[Short text fragments from websites]
================

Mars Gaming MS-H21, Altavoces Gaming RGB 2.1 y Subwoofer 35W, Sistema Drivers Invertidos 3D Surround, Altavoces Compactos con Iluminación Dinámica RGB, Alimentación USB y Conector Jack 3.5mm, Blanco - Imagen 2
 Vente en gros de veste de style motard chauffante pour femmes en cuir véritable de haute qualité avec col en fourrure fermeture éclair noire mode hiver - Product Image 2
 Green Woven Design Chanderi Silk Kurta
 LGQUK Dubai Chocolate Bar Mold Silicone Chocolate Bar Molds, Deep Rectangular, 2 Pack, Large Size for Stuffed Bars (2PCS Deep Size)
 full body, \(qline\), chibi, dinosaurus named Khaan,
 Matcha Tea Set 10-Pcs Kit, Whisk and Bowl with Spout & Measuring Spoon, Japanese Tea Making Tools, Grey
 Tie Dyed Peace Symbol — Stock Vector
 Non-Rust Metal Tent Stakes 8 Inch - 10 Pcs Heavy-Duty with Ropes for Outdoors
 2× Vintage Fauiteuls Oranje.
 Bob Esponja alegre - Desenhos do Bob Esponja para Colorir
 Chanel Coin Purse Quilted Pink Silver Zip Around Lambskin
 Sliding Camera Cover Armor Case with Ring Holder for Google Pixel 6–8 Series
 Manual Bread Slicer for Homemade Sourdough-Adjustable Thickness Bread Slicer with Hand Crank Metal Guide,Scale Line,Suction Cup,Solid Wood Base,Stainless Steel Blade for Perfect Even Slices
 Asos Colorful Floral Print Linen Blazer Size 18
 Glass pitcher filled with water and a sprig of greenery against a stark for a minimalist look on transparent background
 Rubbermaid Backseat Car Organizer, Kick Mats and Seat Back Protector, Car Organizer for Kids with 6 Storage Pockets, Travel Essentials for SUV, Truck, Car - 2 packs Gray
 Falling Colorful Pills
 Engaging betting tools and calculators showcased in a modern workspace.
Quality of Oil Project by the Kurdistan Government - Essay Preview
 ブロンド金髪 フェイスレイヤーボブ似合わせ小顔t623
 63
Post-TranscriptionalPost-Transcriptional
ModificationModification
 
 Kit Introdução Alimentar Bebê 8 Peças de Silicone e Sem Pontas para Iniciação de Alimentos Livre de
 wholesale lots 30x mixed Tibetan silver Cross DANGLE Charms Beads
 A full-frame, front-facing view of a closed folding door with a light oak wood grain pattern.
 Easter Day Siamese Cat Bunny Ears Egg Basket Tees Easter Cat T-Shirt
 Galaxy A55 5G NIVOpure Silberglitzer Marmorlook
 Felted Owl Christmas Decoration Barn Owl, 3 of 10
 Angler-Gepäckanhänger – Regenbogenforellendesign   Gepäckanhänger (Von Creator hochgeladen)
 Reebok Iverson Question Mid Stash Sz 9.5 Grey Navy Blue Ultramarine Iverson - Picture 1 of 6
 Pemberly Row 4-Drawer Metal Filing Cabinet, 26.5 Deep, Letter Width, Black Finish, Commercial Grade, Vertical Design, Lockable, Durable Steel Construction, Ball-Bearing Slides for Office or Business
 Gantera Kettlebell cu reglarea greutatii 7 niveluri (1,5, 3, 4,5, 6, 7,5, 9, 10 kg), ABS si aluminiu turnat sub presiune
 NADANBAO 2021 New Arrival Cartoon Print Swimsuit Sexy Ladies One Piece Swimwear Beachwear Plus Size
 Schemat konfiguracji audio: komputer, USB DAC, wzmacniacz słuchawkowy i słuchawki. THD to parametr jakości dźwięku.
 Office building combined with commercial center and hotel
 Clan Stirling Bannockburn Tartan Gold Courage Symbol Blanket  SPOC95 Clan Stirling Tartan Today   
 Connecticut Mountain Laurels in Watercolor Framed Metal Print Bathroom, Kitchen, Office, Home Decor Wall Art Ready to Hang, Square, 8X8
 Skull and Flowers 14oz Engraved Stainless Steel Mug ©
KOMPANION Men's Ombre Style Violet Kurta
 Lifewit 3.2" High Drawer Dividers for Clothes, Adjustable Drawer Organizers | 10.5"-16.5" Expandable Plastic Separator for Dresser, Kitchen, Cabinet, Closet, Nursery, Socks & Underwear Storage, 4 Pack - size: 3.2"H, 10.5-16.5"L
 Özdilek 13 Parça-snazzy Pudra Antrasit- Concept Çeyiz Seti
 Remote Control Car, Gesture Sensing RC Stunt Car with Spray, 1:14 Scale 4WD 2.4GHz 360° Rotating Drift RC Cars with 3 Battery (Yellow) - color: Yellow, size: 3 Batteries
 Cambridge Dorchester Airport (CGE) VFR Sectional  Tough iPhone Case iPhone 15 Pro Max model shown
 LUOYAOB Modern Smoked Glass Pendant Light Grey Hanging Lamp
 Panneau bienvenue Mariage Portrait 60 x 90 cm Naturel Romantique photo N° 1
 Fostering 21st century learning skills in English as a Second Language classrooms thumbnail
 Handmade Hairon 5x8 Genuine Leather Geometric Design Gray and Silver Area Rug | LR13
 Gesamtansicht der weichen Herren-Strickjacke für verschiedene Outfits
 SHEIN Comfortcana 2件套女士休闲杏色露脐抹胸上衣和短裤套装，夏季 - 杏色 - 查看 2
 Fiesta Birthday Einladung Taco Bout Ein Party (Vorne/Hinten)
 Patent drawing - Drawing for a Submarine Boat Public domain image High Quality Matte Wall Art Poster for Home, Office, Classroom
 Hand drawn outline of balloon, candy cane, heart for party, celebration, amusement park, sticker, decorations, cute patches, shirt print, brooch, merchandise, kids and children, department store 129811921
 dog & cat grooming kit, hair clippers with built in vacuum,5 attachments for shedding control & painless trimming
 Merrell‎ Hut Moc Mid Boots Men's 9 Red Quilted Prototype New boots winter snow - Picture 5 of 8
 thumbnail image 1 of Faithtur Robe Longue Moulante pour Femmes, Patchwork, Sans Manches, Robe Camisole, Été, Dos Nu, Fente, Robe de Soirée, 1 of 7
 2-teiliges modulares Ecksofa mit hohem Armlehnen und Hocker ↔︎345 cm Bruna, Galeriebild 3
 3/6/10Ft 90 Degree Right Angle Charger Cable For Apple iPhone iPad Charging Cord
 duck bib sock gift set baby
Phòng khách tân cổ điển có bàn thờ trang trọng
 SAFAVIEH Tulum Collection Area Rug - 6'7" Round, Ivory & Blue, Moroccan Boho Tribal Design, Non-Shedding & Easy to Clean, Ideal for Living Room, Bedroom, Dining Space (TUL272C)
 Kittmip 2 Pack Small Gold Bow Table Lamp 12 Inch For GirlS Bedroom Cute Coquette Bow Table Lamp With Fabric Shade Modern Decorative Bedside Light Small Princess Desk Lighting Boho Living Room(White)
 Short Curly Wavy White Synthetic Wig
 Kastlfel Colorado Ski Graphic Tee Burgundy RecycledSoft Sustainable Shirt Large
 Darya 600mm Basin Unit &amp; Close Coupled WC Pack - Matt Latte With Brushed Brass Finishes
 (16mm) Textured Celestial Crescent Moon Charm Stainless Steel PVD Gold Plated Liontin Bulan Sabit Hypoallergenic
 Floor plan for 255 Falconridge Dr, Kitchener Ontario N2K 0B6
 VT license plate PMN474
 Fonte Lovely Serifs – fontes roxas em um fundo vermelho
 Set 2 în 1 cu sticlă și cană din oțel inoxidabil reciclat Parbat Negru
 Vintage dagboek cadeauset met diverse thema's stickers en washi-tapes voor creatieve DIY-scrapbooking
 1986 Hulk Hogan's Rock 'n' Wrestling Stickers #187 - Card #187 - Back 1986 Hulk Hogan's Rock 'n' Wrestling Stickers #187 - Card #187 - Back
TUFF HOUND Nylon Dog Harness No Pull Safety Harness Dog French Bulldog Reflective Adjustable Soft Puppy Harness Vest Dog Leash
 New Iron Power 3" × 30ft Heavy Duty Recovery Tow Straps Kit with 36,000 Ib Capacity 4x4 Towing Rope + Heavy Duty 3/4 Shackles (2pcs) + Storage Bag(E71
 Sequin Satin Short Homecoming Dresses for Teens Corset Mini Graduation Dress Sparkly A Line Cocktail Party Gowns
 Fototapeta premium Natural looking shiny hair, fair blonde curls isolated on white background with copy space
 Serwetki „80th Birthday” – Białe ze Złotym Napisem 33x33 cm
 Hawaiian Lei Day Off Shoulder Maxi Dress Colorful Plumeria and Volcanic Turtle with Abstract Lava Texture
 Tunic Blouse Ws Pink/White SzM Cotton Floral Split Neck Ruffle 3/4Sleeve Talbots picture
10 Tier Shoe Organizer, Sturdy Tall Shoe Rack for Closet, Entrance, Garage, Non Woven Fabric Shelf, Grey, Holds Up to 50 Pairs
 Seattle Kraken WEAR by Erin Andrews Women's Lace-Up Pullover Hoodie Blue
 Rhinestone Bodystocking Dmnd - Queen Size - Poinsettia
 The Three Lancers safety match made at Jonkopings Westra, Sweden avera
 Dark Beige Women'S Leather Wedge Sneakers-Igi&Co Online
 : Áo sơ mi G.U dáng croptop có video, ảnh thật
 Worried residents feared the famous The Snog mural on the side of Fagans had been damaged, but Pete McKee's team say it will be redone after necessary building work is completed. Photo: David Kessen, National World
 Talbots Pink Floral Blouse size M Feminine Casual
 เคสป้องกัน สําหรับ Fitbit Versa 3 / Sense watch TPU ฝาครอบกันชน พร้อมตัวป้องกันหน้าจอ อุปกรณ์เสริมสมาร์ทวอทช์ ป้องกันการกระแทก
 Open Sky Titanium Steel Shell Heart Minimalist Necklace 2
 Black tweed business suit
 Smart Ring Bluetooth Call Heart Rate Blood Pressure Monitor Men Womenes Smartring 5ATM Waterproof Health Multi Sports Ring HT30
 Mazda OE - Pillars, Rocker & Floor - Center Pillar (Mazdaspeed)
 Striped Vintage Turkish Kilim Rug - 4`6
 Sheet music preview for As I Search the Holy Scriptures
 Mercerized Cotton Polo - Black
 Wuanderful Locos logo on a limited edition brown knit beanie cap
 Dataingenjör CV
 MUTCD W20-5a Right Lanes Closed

================

EXERCISE BRIEF: The lines to return begin at the first line of the records and end at the line holding "Felted Owl Christmas"; please return them exactly, including both, and nothing beyond.

SOLUTION FOR THIS TASK:
Mars Gaming MS-H21, Altavoces Gaming RGB 2.1 y Subwoofer 35W, Sistema Drivers Invertidos 3D Surround, Altavoces Compactos con Iluminación Dinámica RGB, Alimentación USB y Conector Jack 3.5mm, Blanco - Imagen 2
 Vente en gros de veste de style motard chauffante pour femmes en cuir véritable de haute qualité avec col en fourrure fermeture éclair noire mode hiver - Product Image 2
 Green Woven Design Chanderi Silk Kurta
 LGQUK Dubai Chocolate Bar Mold Silicone Chocolate Bar Molds, Deep Rectangular, 2 Pack, Large Size for Stuffed Bars (2PCS Deep Size)
 full body, \(qline\), chibi, dinosaurus named Khaan,
 Matcha Tea Set 10-Pcs Kit, Whisk and Bowl with Spout & Measuring Spoon, Japanese Tea Making Tools, Grey
 Tie Dyed Peace Symbol — Stock Vector
 Non-Rust Metal Tent Stakes 8 Inch - 10 Pcs Heavy-Duty with Ropes for Outdoors
 2× Vintage Fauiteuls Oranje.
 Bob Esponja alegre - Desenhos do Bob Esponja para Colorir
 Chanel Coin Purse Quilted Pink Silver Zip Around Lambskin
 Sliding Camera Cover Armor Case with Ring Holder for Google Pixel 6–8 Series
 Manual Bread Slicer for Homemade Sourdough-Adjustable Thickness Bread Slicer with Hand Crank Metal Guide,Scale Line,Suction Cup,Solid Wood Base,Stainless Steel Blade for Perfect Even Slices
 Asos Colorful Floral Print Linen Blazer Size 18
 Glass pitcher filled with water and a sprig of greenery against a stark for a minimalist look on transparent background
 Rubbermaid Backseat Car Organizer, Kick Mats and Seat Back Protector, Car Organizer for Kids with 6 Storage Pockets, Travel Essentials for SUV, Truck, Car - 2 packs Gray
 Falling Colorful Pills
 Engaging betting tools and calculators showcased in a modern workspace.
Quality of Oil Project by the Kurdistan Government - Essay Preview
 ブロンド金髪 フェイスレイヤーボブ似合わせ小顔t623
 63
Post-TranscriptionalPost-Transcriptional
ModificationModification
 
 Kit Introdução Alimentar Bebê 8 Peças de Silicone e Sem Pontas para Iniciação de Alimentos Livre de
 wholesale lots 30x mixed Tibetan silver Cross DANGLE Charms Beads
 A full-frame, front-facing view of a closed folding door with a light oak wood grain pattern.
 Easter Day Siamese Cat Bunny Ears Egg Basket Tees Easter Cat T-Shirt
 Galaxy A55 5G NIVOpure Silberglitzer Marmorlook
 Felted Owl Christmas Decoration Barn Owl, 3 of 10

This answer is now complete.